Als je vanuit het Startscherm START hebt geselecteerd, kom je in één van de gegevensschermen. Meestal zal dat eerst het Totaal scherm zijn, als je offline begint is dat het Handmatig scherm. Als je de streep nog niet gepasseerd bent, zie je de gegevens van de vorige sessie, als je de streep net gepasseerd bent zal binnen een paar seconden de nieuwe activiteit zichtbaar worden (pas bij de tweede passage is er ook een rondetijd).



Er zijn vier verschillende gegevensschermen:

  • Totaal: voor een totaaloverzicht van de activiteit;
  • Interval: voor als je intervallen rijdt of een geheel aantal ronde wilt timen;
  • Stopwatch: als je een afstand wilt timen die niet een geheel aantal ronden is (bijv. 500m);
  • Handmatig: als je geen rondetijden kunt ontvangen.

Je kunt met de UP en DOWN knoppen wisselen tussen de verschillende schermen.


In ieder scherm geeft het middelste veld de tijd van de laatste ronde aan.

Voor het veld bovenin kun je verschillende gegevens laten zien, de mogelijkheden verschillen per scherm.
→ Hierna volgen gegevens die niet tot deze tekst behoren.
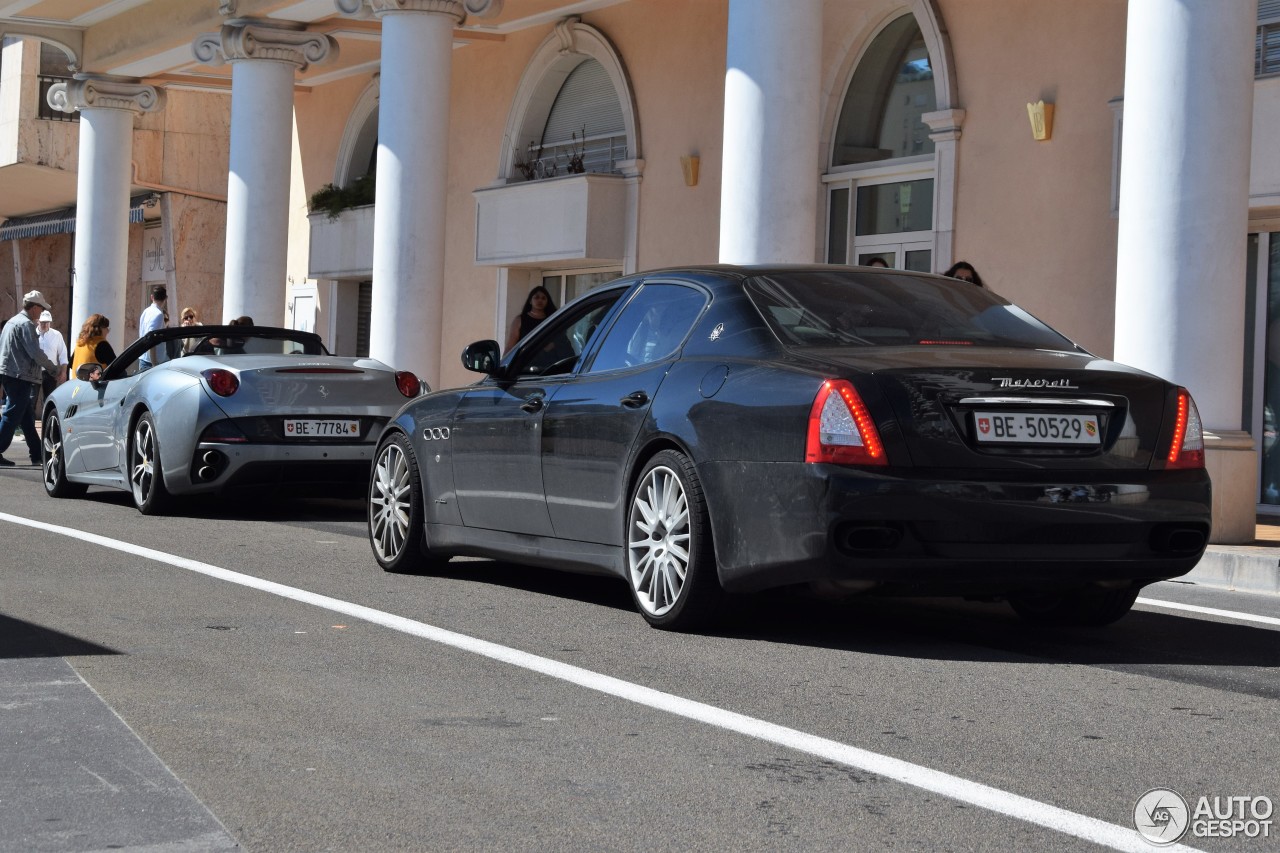 Maserati Quattroporte Sport GT S 2009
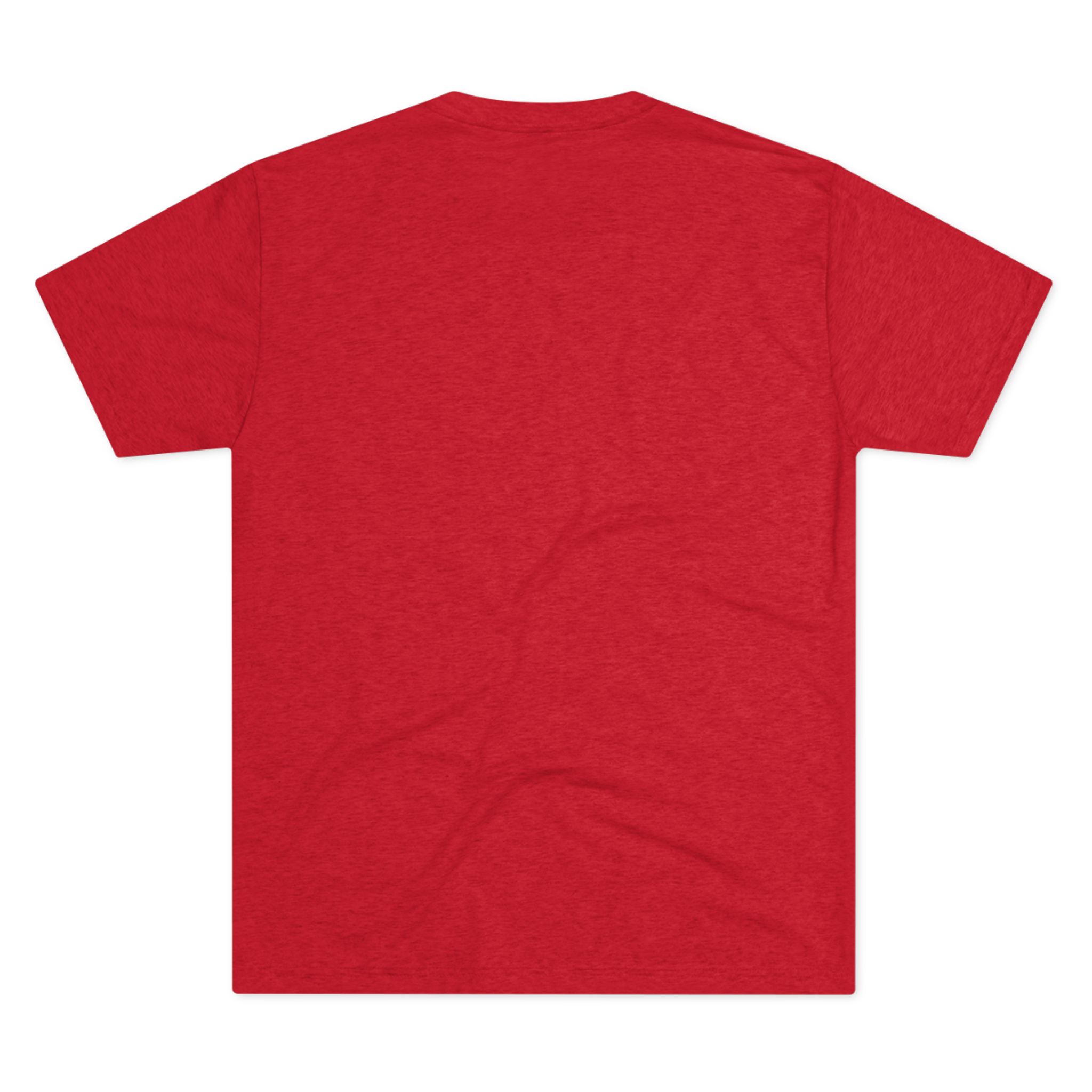 Retro Redhead Tri-Blend Tee – Vintage Style, Ultra-Soft Comfort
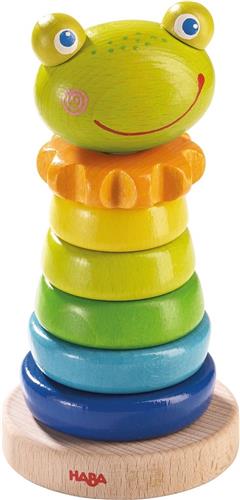 Haba Stapeltoren Kikker 14,5 Cm 8-delig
Selecteer MENU (UP ingedrukt houden) om andere gegevens laten zien. (MODE bij de Forerunner 920XT).

Het veld linksonder geeft het aantal ronden aan, maar het verschilt per scherm hoe deze geteld worden.

Het veld rechtsonder geeft gegevens weer die door het horloge zelf of door andere sensoren worden gemeten. Dit zijn: 

  • hartslag, 
  • cadans (slagfrequentie), 
  • snelheid (als je GPS aanstaat) en 
  • vermogen (voor baanwielrennen, alleen op Edge modellen).

Je kunt met de KLOK (DOWN ingedrukt houden) knop wisselen tussen deze opties. (Niet mogelijk bij de Forerunner 230/235/735xt, bij de Forerunner 920XT MODE ingedrukt houden).


Bij toestellen met een aanraakscherm kun je de schermen wisselen door naar links of rechts te vegen (op of neer bij de Vivoactive 3) en gegevens op een scherm wisselen door op het veld te tikken.